Fix sort in the query to keep linear index per asset in the storage constraint #1010

datejada · 2025-02-03T12:10:33Z

Related issues

Checklist

I am following the contributing guidelines
Tests are passing
Lint workflow is passing
Docs were updated and workflow is passing

github-actions · 2025-02-03T12:10:54Z

Benchmark Results

	`19dd03f`...	`df233a7`...	`19dd03f`.../df233a771f3e63...
energy_problem/create_model	28.5 ± 1.8 s	28 ± 1.7 s	1.02
energy_problem/input_and_constructor	37.7 ± 0.52 s	37.5 ± 0.73 s	1
time_to_load	3.98 ± 0.021 s	4.03 ± 0.19 s	0.987

	`19dd03f`...	`df233a7`...	`19dd03f`.../df233a771f3e63...
energy_problem/create_model	0.257 G allocs: 12.9 GB	0.257 G allocs: 12.9 GB	1
energy_problem/input_and_constructor	0.0436 G allocs: 1.67 GB	0.0436 G allocs: 1.67 GB	1
time_to_load	0.159 k allocs: 11.2 kB	0.159 k allocs: 11.2 kB	1

Benchmark Plots

A plot of the benchmark results have been uploaded as an artifact to the workflow run for this PR.
Go to "Actions"->"Benchmark a pull request"->[the most recent run]->"Artifacts" (at the bottom).

codecov · 2025-02-03T12:20:50Z

Codecov Report

All modified and coverable lines are covered by tests ✅

Project coverage is 95.22%. Comparing base (8ee7150) to head (df233a7).
Report is 2 commits behind head on main.

Additional details and impacted files

@@           Coverage Diff           @@
##             main    #1010   +/-   ##
=======================================
  Coverage   95.22%   95.22%           
=======================================
  Files          29       29           
  Lines        1151     1151           
=======================================
  Hits         1096     1096           
  Misses         55       55

☔ View full report in Codecov by Sentry.
📢 Have feedback on the report?

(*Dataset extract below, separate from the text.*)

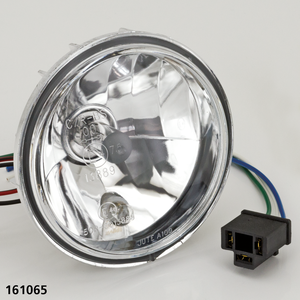 Faro delantero estilo torpedo de 4 1/2 pulgadas con luz halógena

Share it here.

datejada · 2025-02-03T14:08:05Z

@abelsiqueira and @suvayu This error/bug was difficult to reproduce since it only occurred for a large number of constraints. Empirically, with more than 10000 rows, the linear index was not guaranteed (I think it is a SQL thing) for the storage constraint where we need s and s-1. This was causing infeasibilities, since it was taking the previous storage variable from another asset.

This code ensures the order stays as we want in the constraint, and the benchmark seems to show that there is no much impact in query.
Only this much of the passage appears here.